Proficiency tests TOEFL and IELTS tests as an instrument for assessing language skills

К содержанию номера журнала: Вестник КАСУ №2 - 2011
Автор: Эстерлейн Яна Александровна

In the modern world, the studying and knowing foreign language is significant. But knowing foreign language means not just possession of the speaking skills. It is possession of all language skills, such as listening, reading, writing and speaking which we need in each and every field of life for successful business. We need listening and reading skill for getting new information, but speaking and writing for sharing the information which we own. According to it the four basic skills are related to each other by two parameters: the mode of communication - oral or written and the direction of communication - receiving or producing the message. Listening and reading are receptive skills while speaking and writing are productive skills. It is worth-mentioning that both receptive and productive skills do not take place simultaneously. Listening precedes speaking and reading precedes writing. Making the best use of receptive and productive skills depends upon the level of the proficiency, which should be assessed during the studying year and at the end of the year with the help of different tasks, exams and tests formats. Such well-known standardized English-language testing programs as TOEFL (The Test of English as a Foreign Language) and CFC (Cambridge First Certificate) tests, which college and universities use to gauge the language skills of prospective international students, can serve as assessment for language abilities.

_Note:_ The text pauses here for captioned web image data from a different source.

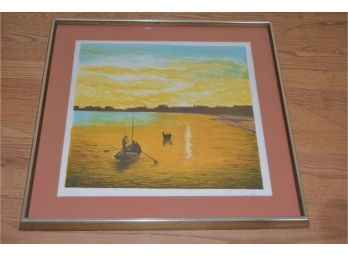 Signed Guiseppe Verso Midcentury Collectors Guild Limited Ed. Print 21'x21' Matted Framed Glass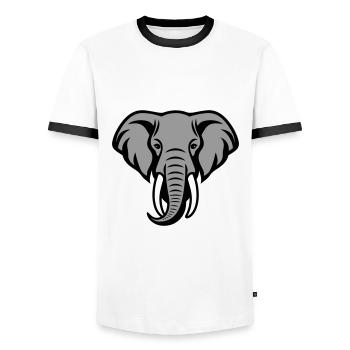 Elephant Head - Men's Ringer Shirt - white/black - Front - AI Model Female 172 light (172cm) & AI Model Male 178 dark (178cm)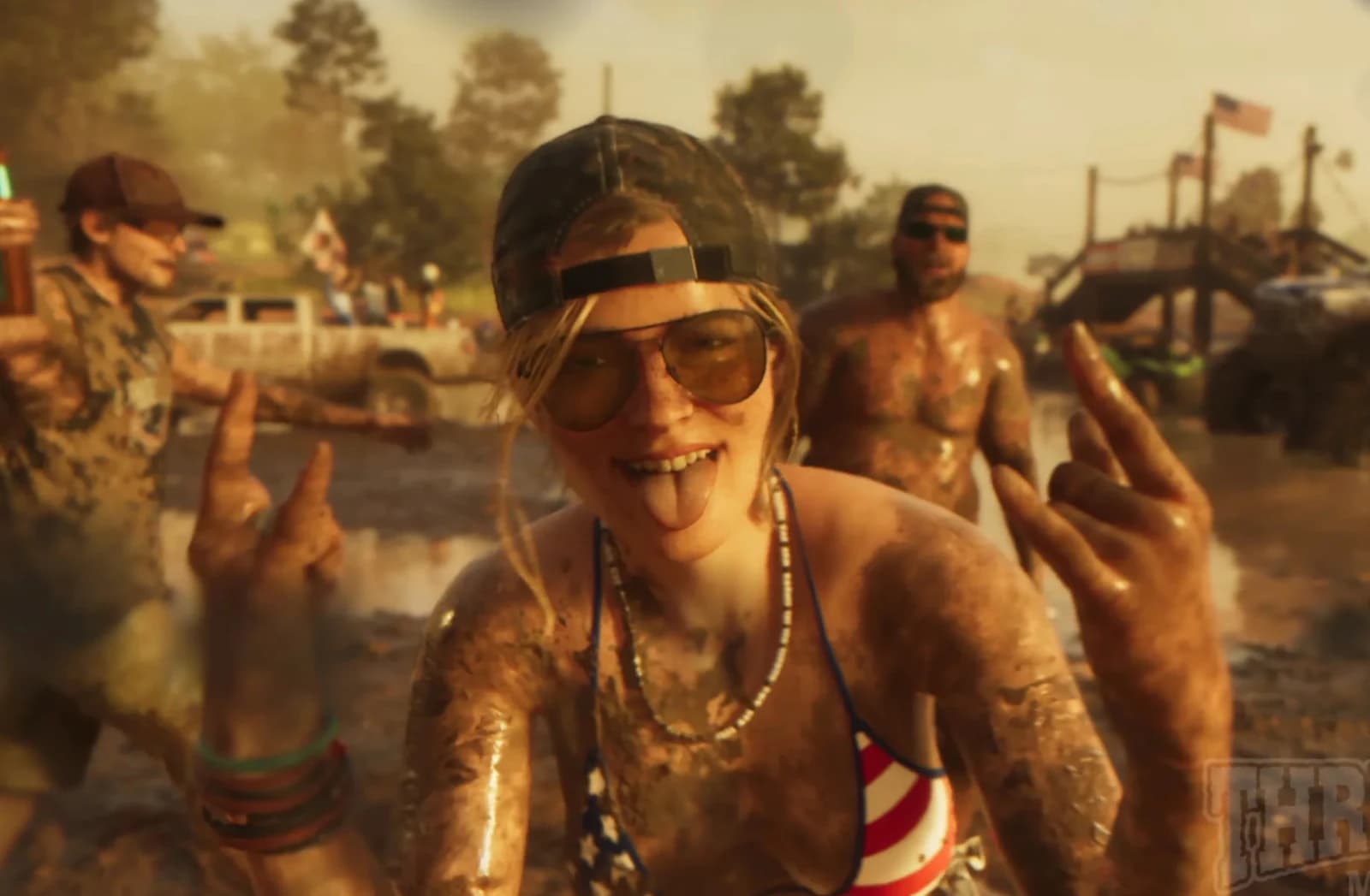 Woman covered in mud cheering at the Thrillbilly mud festival, Trailer 2.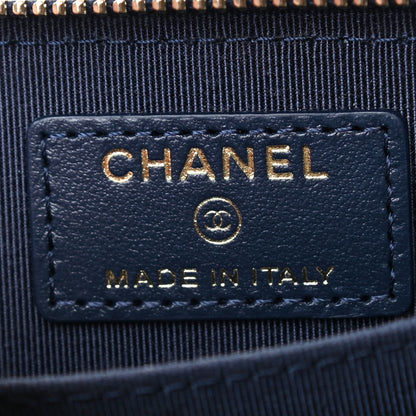 Chanel Caviar Quilted Zip Coin Purse Wallet Dark Blue 6 of 7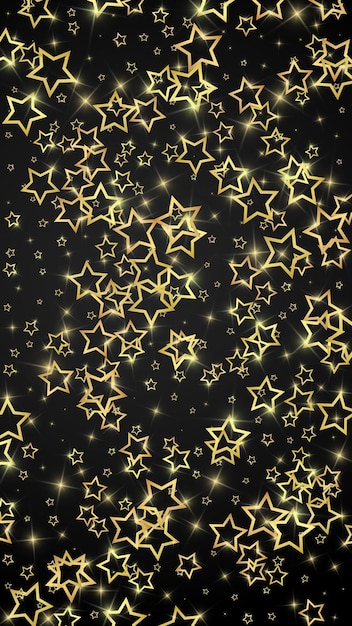 Photo des étoiles scintillantes éparpillées volant au hasard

Gear said: “TOEFL and CFC tests are an examination that intends to evaluate the level of the English language of a foreign speaker.” Moreover, it is commonly one of the aspects included into the entrance exams of any university in the USA, European Union and England. TOEFL test as CFC test consists of four different parts: listening comprehension that occupies approximately 35 minutes and consists of three parts, structure and written expression with time limit 25 minutes composed of two tasks and reading comprehension is 55 minutes, consisting of several passages. The differences between CFC and TOEFL tests are: when TOEFL test consists of just four parts, CFC includes a speaking part more. The difference could be found in the sequence of them, for example if CFC test will start with reading first, TOEFL test will deal with listening. The types of tasks and activities implied in the test differ as well. Moreover, each part of each test will include a various range of tasks, i.e. each part of TOEFL test will mainly be composed of two tasks, whereas CFC will classically contain four different activities, but in any case both of these types of tests involve the four skills: reading, listening, speaking and writing, the assessing of which will help to understand the level of student’s or job applicant’s language proficiency.

There are a lot of reasons for a comprehensive assessment of all four English language skills; we will point just several of them, which are the main in this field:

1. Users of English language proficiency tests like the CFC and TOEFL tests may sometimes be more interested in some language skills (speaking, for instance) than others. However, what they value most often is a person’s ability to communicate in English in a variety of contexts that is likely to involve the use of multiple language skills either singly or in combination.

2. A more accurate estimate of a person’s skill in any specific area (speaking, for example) can be attained by testing skills not only in that area but in related areas as well. Because the four aspects of language are inextricably intertwined, a measure of ability in a related domain (e.g., listening) can, when used in conjunction with a measure of the target ability (e.g., speaking), add nuance/depth and accuracy to the measurement of the target ability.

3. The four skills are strongly correlated, but not to the degree that a measure of one can substitute perfectly for a measure on another. They are distinct enough, both logically and empirically, that they have to be measured separately. Failing to measure all of these important aspects of proficiency, therefore, may leave critical gaps in a test taker’s language proficiency profile.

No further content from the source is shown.